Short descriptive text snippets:
[Start of section]

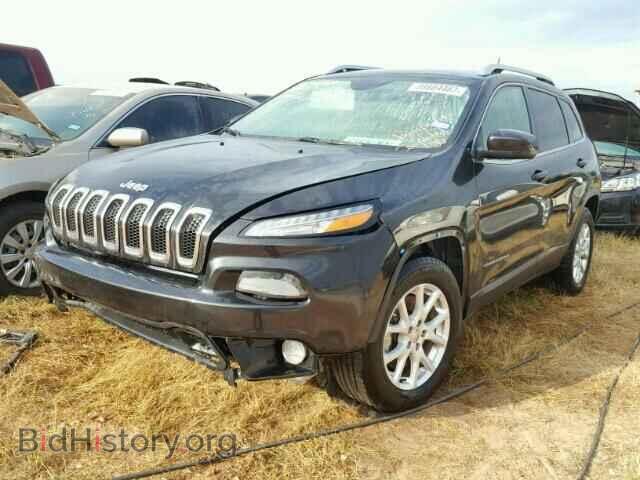 2014 JEEP CHEROKEE - VIN: 1C4PJLCS7EW217544 - Photo 2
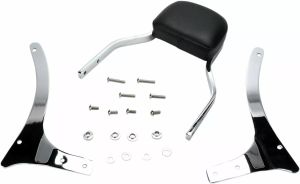 Cobra 02-4740 Square Sissy Bar készlet Ülés rögzítés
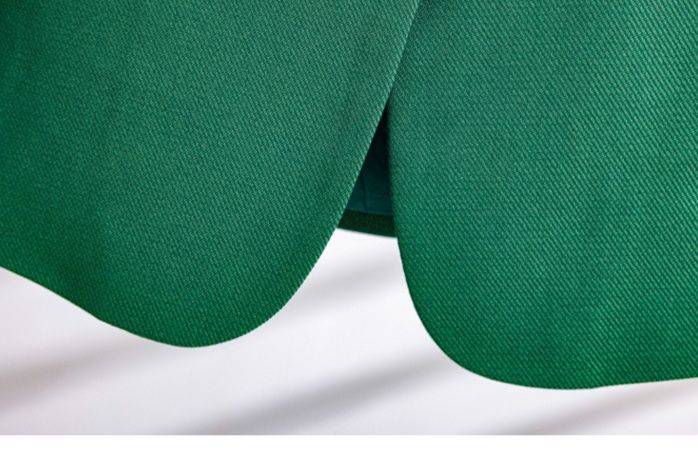 パンツセットアップ バイカラーラインパンツセットアップ
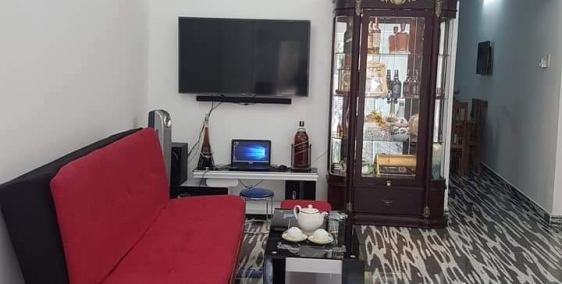 BÁN GẤP nhà hẻm Cô Giang, P.2, Q. Phú Nhuận, 4 x 23 m, 1 trệt, 1 lầu, 6.5 tỷ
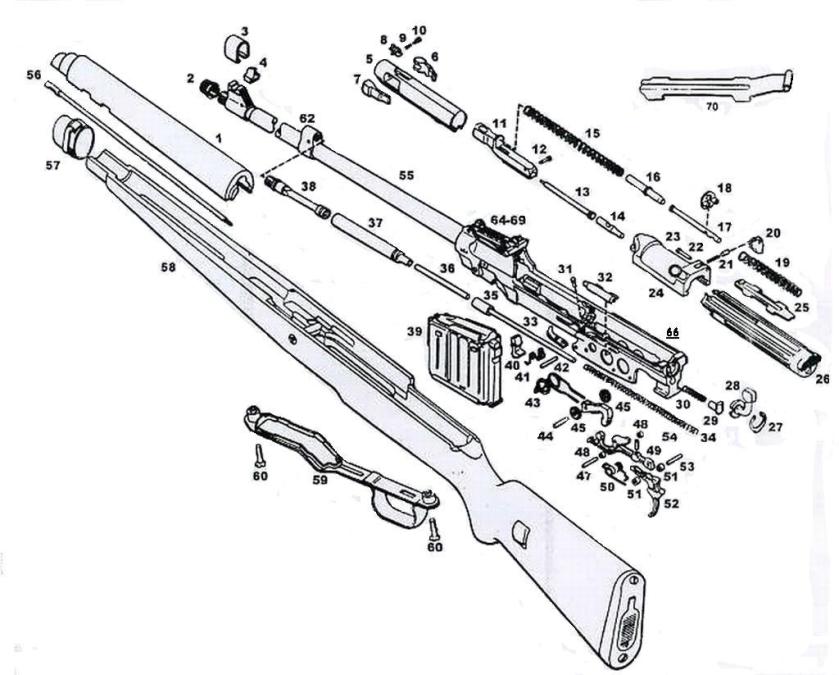 G/K43 Schematic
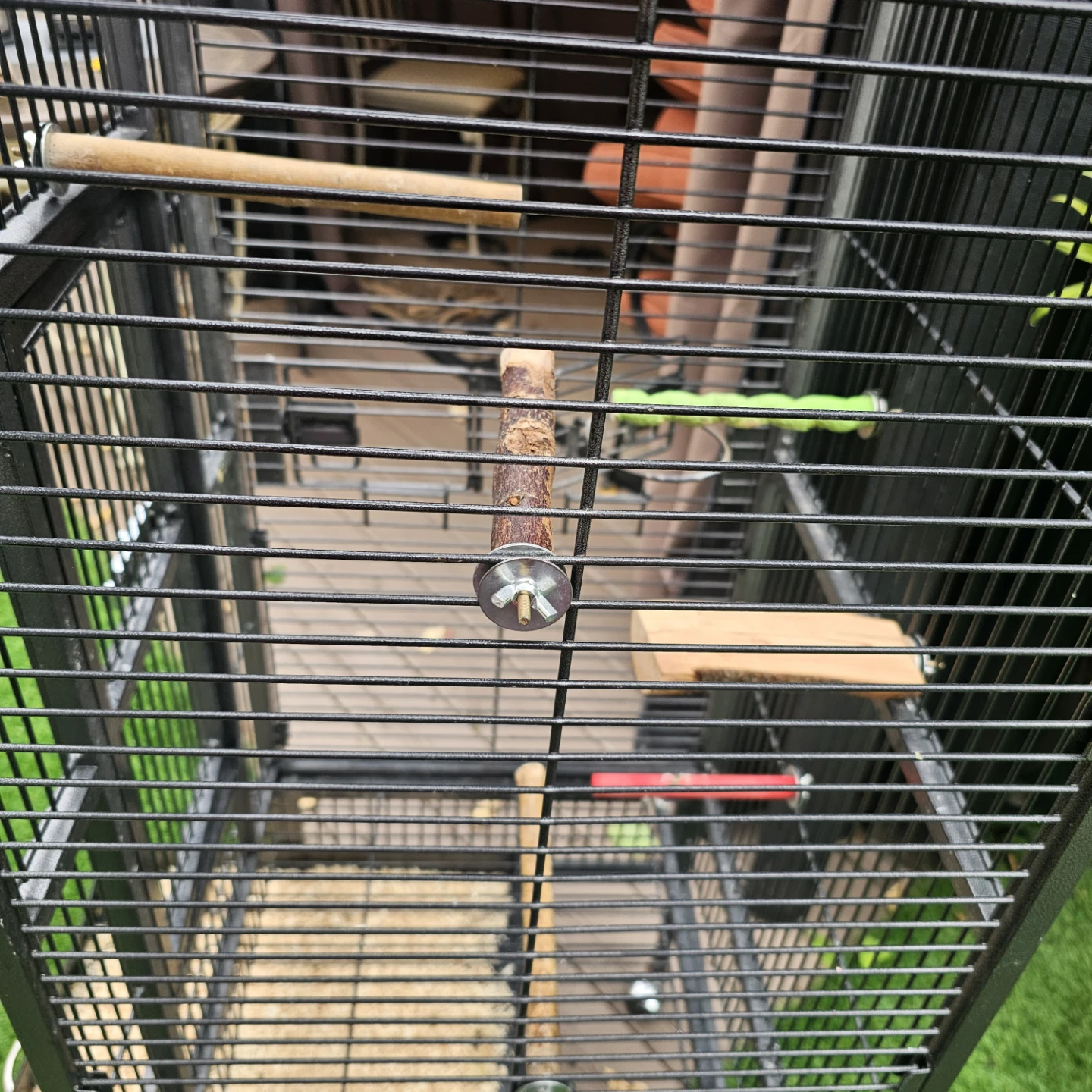 Very Large Parrot Cage - photo 3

[End of section]

What to do
The copy should hold exactly the lines from the one containing "Cobra 02-4740 Square" through the final line of the records above, both ends included, and no picture.

Output below
 Cobra 02-4740 Square Sissy Bar készlet Ülés rögzítés
 パンツセットアップ バイカラーラインパンツセットアップ
 BÁN GẤP nhà hẻm Cô Giang, P.2, Q. Phú Nhuận, 4 x 23 m, 1 trệt, 1 lầu, 6.5 tỷ
 G/K43 Schematic
 Very Large Parrot Cage - photo 3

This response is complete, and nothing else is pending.